Fecha de publicación:
30/12/2015
Fuente: ecent issues American Journal Of Enology and Viticulture
The quantification of key phenolic classes during different stages of red wine production has important industrial applications. Decisions of this nature require greater speed and economy than current bench or instrumental methodologies offer. Efforts to create rapid analysis have used models created from multivariate regression of easily obtained spectra (ultraviolet (UV)/visible or near infrared) and referenced phenolic measurements.

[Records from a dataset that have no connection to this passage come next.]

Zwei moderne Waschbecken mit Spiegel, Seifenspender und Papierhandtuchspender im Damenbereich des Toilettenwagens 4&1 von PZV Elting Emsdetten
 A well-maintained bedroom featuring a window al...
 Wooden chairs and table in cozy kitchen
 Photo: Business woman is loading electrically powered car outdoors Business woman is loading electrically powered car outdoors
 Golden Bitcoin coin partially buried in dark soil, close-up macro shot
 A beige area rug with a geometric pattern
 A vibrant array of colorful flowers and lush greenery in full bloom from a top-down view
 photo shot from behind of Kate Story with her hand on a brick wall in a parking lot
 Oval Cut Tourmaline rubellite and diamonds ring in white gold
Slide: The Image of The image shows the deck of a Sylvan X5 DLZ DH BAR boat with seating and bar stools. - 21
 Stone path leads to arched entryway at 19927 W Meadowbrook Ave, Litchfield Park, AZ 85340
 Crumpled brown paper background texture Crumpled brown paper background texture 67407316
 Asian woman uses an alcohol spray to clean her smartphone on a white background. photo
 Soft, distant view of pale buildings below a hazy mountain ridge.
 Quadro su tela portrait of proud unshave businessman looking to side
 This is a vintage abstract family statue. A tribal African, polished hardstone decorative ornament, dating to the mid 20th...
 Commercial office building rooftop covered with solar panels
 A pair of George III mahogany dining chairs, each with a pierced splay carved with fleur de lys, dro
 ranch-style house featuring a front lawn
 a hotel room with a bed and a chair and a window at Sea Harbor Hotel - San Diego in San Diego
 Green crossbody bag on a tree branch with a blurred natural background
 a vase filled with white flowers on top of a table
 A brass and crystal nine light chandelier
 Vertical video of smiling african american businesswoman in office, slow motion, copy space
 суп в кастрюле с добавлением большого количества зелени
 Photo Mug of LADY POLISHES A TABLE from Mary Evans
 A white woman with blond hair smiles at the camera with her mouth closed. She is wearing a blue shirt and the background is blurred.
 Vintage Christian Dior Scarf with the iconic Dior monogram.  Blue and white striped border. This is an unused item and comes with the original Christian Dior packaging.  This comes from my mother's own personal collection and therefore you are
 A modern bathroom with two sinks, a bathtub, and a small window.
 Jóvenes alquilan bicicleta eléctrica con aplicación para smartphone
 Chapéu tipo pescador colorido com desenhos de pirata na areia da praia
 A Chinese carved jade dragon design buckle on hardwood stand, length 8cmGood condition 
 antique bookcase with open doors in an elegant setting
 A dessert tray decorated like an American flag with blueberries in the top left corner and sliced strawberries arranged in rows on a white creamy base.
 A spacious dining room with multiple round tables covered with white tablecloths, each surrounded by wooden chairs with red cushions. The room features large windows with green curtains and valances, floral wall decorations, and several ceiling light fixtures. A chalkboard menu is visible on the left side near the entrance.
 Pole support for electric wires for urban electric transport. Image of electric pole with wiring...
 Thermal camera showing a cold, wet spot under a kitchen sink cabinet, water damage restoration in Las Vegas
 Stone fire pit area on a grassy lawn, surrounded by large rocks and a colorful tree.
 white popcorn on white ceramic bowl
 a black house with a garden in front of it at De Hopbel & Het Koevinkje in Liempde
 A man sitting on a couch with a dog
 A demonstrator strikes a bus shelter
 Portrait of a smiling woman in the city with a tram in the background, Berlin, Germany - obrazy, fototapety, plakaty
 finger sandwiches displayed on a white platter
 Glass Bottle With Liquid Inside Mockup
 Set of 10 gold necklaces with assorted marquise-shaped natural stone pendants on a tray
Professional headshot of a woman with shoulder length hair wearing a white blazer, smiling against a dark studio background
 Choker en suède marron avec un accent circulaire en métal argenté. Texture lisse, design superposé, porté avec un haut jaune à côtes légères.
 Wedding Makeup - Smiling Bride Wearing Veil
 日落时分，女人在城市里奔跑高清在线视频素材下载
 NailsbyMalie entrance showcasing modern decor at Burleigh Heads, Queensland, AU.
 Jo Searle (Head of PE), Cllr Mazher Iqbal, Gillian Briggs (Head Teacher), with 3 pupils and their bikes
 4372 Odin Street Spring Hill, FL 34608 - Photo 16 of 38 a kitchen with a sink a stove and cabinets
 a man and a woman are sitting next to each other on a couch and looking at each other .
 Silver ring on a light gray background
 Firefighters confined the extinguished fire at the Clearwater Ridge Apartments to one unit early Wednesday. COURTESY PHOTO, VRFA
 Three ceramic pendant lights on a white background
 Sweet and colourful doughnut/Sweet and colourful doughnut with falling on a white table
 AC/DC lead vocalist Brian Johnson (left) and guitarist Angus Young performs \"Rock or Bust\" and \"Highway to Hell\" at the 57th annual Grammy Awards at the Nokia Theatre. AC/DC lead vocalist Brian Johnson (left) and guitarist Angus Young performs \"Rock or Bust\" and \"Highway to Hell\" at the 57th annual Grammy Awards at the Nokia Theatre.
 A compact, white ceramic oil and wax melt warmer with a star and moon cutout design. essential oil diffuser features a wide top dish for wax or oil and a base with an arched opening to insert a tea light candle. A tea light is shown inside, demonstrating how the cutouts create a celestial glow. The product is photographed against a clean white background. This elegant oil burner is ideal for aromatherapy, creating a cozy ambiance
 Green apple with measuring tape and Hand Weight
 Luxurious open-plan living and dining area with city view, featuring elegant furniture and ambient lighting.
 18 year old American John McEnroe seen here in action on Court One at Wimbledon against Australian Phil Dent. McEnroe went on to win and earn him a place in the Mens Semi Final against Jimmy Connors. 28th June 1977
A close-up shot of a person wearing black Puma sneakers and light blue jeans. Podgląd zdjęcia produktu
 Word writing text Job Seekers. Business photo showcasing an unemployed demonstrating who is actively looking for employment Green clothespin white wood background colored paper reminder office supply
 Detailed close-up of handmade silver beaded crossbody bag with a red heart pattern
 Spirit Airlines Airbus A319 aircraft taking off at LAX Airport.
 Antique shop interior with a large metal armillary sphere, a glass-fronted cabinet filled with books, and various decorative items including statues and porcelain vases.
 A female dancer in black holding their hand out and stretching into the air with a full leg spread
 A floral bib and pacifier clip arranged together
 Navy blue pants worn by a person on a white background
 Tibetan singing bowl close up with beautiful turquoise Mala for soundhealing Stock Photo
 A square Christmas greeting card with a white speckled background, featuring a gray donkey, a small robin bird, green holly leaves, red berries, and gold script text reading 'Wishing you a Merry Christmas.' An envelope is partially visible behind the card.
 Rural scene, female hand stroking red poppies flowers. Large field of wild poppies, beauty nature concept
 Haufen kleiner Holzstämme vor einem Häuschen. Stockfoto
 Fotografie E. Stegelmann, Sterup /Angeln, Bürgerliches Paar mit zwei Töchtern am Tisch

For this experiment, reference measures of phenolics and UV/visible spectra were gathered from 100 samples each of Cabernet Sauvignon and Syrah red wine throughout fermentation to create a model that could rapidly predict several phenolic classes in red wine must. The reference method, UV/visible spectra sample dilution, and multivariate regression method were all varied to determine which combination gave the greatest predictive power. Ridge regression unanimously outperformed the other regression methods tested when calibrated with the modified assay at pH 7 and UV/visible sample dilution at 10-fold for only the Cabernet Sauvignon samples. Correlation coefficients obtained for anthocyanins, small and large polymeric pigments, tannins, and total iron reactive phenolics were 0.83, 0.78, 0.76, 0.92, and 0.90, respectively. When the same multivariate regression evaluation was performed for Syrah, none of the methods tested gave accurate predictions, suggesting some cultivar specificity.